Professor of Law at Drexel University David S. Cohen They said many of these state laws were backed by enemies of abortion who tried to set legal precedents that confer personality rights on a developing fetus. If behavior that harms a fetus is a crime in the eyes of the law, women's right to abortion would be at risk, Cohen said.

"Nothing has found that a child's or mother's health is improved by punitive policies," said Cohen, who managed defended a Pennsylvania woman accused of child abuse after the birth of a child exposed to illicit drugs she took during her pregnancy. "This brings people to treatment and results in health problems," for both, he added.

It is not clear that placing an opiate-dependent pregnant woman in jail would also protect her unborn child. Two case reports From the 1970s, there was concern that abrupt withdrawal of opioids during pregnancy could lead to fetal stress and death.
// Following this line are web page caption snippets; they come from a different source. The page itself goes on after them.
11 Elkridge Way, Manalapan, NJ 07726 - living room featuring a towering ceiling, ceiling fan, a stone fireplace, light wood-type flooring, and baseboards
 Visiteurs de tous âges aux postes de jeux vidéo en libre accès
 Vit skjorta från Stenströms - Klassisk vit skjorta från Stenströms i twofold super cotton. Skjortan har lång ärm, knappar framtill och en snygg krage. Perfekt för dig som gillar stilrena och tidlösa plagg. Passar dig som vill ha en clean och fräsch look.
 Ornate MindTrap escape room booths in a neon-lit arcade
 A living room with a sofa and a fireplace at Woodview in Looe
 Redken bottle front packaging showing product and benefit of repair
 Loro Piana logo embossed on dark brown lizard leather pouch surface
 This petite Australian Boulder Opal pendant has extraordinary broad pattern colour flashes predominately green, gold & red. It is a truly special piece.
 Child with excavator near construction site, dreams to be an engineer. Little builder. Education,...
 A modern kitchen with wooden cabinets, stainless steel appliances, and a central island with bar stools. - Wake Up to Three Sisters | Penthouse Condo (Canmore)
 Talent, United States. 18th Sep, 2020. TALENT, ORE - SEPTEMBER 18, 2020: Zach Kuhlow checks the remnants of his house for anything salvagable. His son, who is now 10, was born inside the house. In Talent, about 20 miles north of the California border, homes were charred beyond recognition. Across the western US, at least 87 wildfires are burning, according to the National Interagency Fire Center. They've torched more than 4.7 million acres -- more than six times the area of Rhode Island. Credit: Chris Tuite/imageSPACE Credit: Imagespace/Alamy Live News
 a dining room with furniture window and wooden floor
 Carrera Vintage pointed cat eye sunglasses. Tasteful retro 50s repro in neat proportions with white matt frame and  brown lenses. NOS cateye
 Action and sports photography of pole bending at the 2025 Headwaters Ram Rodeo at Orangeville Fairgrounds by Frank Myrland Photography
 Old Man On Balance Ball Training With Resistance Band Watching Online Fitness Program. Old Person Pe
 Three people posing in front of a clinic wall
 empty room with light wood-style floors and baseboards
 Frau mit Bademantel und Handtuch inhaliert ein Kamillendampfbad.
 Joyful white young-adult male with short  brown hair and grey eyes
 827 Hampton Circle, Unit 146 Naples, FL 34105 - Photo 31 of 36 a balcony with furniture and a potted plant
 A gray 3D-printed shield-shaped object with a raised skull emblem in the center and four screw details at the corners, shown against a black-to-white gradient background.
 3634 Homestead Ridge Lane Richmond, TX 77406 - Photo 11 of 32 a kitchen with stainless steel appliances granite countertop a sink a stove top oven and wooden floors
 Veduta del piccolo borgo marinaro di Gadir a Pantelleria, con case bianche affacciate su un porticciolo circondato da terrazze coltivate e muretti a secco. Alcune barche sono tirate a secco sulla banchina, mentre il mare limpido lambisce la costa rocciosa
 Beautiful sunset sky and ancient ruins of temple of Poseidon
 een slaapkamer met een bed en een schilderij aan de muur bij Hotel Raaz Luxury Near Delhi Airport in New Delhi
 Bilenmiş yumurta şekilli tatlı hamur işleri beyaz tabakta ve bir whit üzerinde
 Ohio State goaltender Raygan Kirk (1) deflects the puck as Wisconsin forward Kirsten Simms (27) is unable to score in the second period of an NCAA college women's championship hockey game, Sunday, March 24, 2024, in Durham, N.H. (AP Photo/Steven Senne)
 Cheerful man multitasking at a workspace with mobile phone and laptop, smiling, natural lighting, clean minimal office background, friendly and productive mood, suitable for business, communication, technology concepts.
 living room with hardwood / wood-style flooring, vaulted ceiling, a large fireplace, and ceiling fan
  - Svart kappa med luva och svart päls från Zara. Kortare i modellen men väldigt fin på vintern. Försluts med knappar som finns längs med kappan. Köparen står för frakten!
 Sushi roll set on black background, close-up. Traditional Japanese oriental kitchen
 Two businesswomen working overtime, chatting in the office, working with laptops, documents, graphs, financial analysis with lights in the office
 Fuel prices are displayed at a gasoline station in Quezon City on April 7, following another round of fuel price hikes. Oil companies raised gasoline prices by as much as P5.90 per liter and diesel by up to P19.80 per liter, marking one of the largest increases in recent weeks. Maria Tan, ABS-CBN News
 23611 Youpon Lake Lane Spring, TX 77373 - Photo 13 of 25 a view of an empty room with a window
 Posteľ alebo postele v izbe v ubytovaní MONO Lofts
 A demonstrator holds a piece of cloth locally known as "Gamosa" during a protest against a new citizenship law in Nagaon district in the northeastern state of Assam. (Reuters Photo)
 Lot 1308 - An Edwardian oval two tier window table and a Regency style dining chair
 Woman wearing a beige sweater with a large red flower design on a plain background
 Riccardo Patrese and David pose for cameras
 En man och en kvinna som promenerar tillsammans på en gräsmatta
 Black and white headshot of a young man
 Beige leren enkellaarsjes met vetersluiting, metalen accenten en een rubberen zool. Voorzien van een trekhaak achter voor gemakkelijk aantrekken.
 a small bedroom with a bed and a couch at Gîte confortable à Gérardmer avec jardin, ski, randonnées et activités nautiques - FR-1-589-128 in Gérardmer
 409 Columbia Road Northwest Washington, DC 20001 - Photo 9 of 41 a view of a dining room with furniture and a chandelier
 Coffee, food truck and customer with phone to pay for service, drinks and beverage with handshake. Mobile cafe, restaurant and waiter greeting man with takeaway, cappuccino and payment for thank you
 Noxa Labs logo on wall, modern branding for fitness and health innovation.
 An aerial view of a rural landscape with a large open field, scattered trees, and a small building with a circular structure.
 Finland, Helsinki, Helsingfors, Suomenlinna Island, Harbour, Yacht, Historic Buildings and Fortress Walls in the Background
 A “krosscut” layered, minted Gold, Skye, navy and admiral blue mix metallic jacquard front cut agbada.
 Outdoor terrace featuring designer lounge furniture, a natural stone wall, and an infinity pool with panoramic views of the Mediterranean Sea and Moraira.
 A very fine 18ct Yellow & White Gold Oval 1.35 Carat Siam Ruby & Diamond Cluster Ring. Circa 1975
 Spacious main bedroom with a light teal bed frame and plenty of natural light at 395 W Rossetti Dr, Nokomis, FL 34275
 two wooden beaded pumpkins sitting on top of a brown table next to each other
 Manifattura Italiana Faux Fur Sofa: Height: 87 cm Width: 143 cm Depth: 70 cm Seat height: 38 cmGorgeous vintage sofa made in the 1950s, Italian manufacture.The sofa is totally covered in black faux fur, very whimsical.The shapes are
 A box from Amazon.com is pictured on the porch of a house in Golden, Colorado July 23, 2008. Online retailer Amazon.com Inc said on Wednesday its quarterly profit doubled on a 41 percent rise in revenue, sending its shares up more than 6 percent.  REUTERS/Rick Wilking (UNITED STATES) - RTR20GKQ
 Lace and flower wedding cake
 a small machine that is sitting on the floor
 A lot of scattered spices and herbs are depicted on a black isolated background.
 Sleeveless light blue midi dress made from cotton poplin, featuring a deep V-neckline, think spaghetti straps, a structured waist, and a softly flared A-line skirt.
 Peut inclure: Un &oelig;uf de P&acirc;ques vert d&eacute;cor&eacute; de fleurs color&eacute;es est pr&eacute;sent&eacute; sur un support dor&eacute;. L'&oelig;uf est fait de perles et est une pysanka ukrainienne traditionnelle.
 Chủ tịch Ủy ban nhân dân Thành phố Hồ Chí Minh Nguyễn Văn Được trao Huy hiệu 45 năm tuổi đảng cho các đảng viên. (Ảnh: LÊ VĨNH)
More recent studies have found "no clear evidence of an association between clinically supervised withdrawal and fetal death or premature birth," according to ACOG. But the organization said more research is needed.

In 2017 declarationACOG and the American Society for Addiction Medicine opposed laws that would punish a pregnant woman with an addiction. Instead, they argued that all pregnant women should be screened for substance use disorder, and those in need of treatment should receive it.

"In general, a coordinated multidisciplinary approach without criminal sanctions has the best chance of helping babies and families," the two medical groups concluded. "Obstetric care providers have an ethical responsibility towards pregnant patients and parents with substance use disorder to discourage separation from parents and children only on the basis of suspected or confirmed substance use disorder."

Dr. Mishka Terplan, which worked with ACOG to develop drug and pregnancy policies, said states seeking to help babies should give pregnant women preferential access to substance use treatment and protect them from discrimination.

"Few states have written this in the state statute," said Terplan, who has been practicing addiction and obstetrics medicine for nearly two decades. "We all have stories demonstrating the violation of pregnant people who used drugs."

The idea that children are usually better off with their mothers, even those struggling with drug addiction, may seem counterintuitive, Gupta said. But it's true.

"The best way to protect the babies we know is to find a regulatory framework that allows the mother-child dyad to be maintained after birth," he said. "The only way to do that is for Mom not to be criminalized, for her to have a full opportunity to seek and get treatment for her opioid disorder."